Visualising the Tree

plot(tree.carseats)
text(tree.carseats, pretty = 0)

Pruning the Decision Tree using Cross-Validation

The initial tree is quite complex, making it prone to overfitting. We will use cost-complexity pruning to simplify the tree and improve its generalisation.

Steps for Pruning:

  1. Perform Cross-Validation (cv.tree)
    • This function identifies the optimal tree size by minimising classification error.
  2. Find the Best Tree Size
    • The tree size with the lowest cross-validation error is selected.
  3. Prune the Tree (prune.misclass)
    • We trim the tree down to its optimal size.

Applying Cross-Validation and Pruning

# Perform cross-validation for pruning
set.seed(42)
cv.carseats <- cv.tree(tree.carseats, FUN = prune.misclass)

# Identify the best tree size
best.size <- cv.carseats$size[which.min(cv.carseats$dev)]

# Prune the tree to the optimal size
prune.carseats <- prune.misclass(tree.carseats, best = best.size)

# Plot the pruned tree
plot(prune.carseats)
text(prune.carseats, pretty = 0)

Interpreting the Pruned Tree

  • The pruned tree retains only the most important splits, improving interpretability.
  • It avoids overfitting by reducing unnecessary complexity.
  • The test accuracy may improve as a result of better generalisation.

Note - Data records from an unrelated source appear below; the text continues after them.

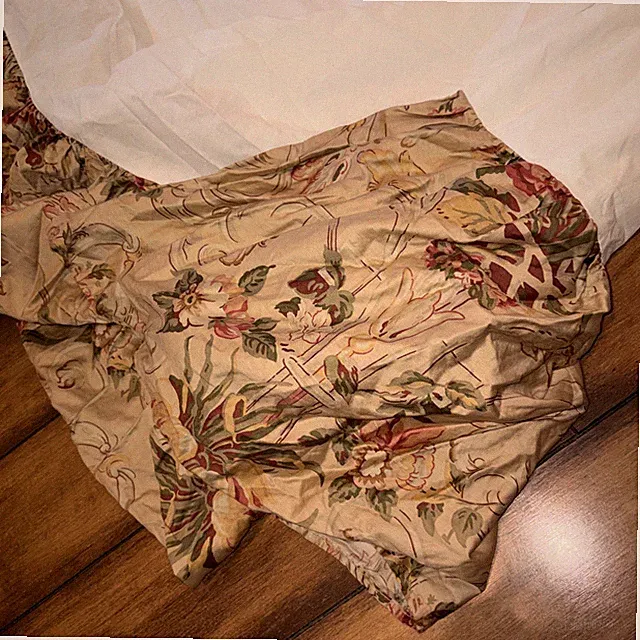 Ralph Lauren Home Guinevere KING Bed Skirt Dust Ruffle 14" Drop-Clean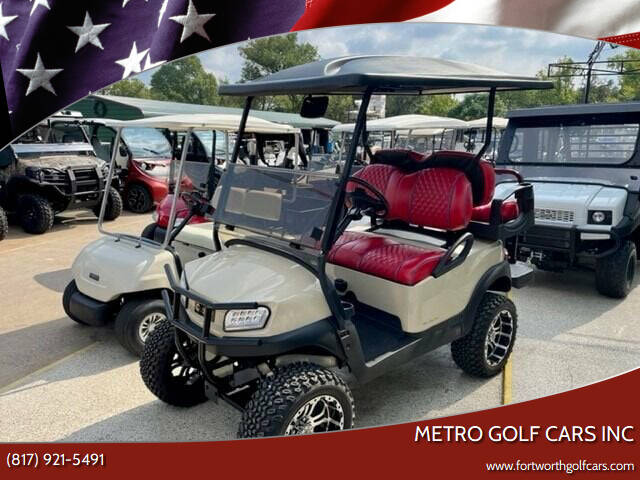 2019 Club Car 4 Pass Electric Lift for sale at METRO GOLF CARS INC in Fort Worth TX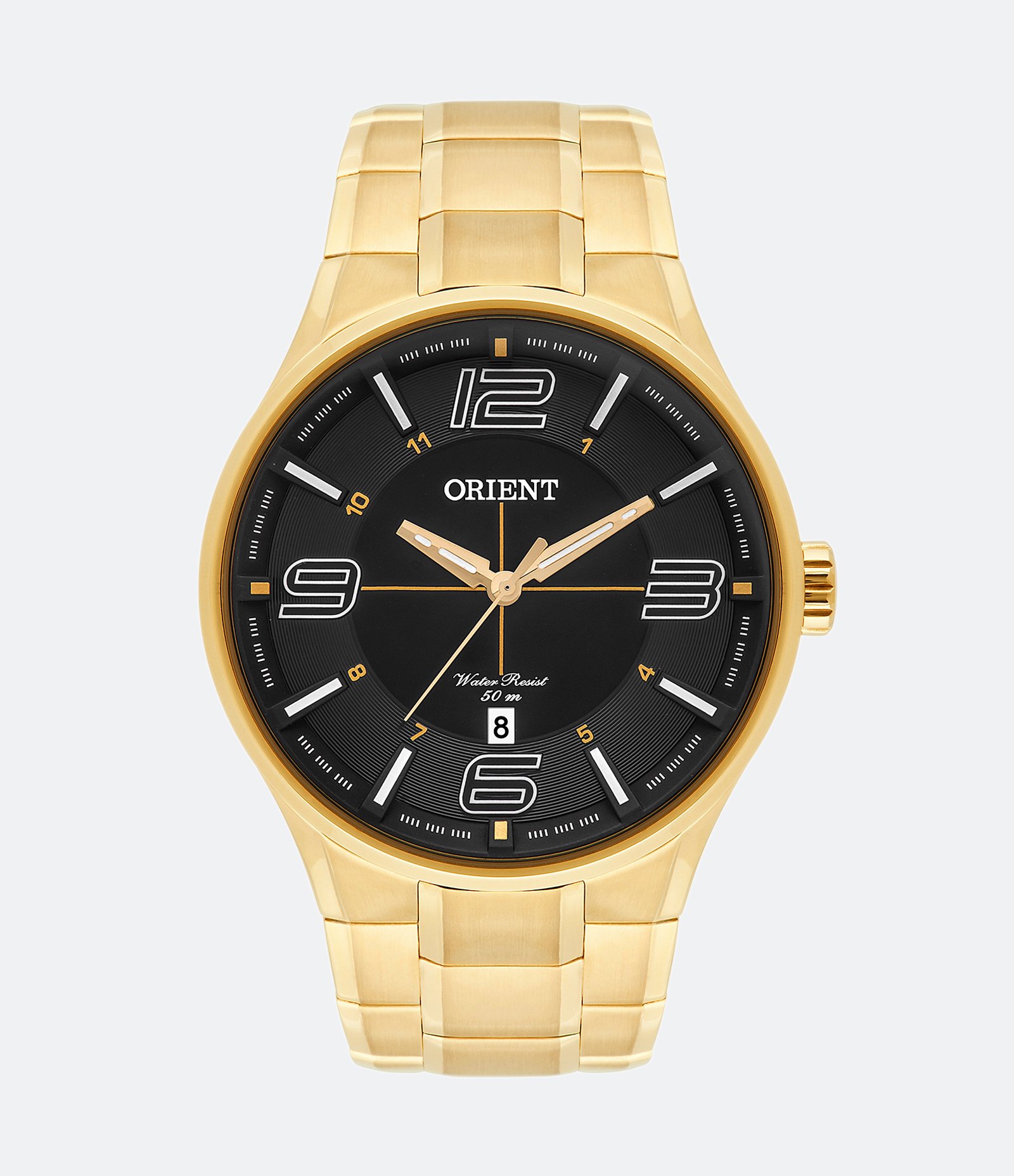 Relógio Orient Analógico com Pulseira e Caixa em Aço Metal MGSS1136-P2KX Dourado 1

Model Evaluation: Train-Test Split

# Split data into training (50%) and test (50%) sets
set.seed(42)
train <- sample(1:nrow(Carseats), 200)
Carseats.test <- Carseats[-train, ]
High.test <- Carseats$High[-train]

# Train model on training set
tree.carseats <- tree(High ~ . - Sales, Carseats, subset = train)

# Predict on test data
tree.pred <- predict(tree.carseats, Carseats.test, type = "class")

# Accuracy assessment
test.table <- table(tree.pred, High.test)
accuracy <- sum(diag(test.table)) / sum(test.table)
paste("Test Accuracy:", round(accuracy * 100, 2), "%")
## [1] "Test Accuracy: 77 %"

3. Regression Trees: Boston Housing Data

Objective

Predict median home values (medv) based on neighborhood attributes.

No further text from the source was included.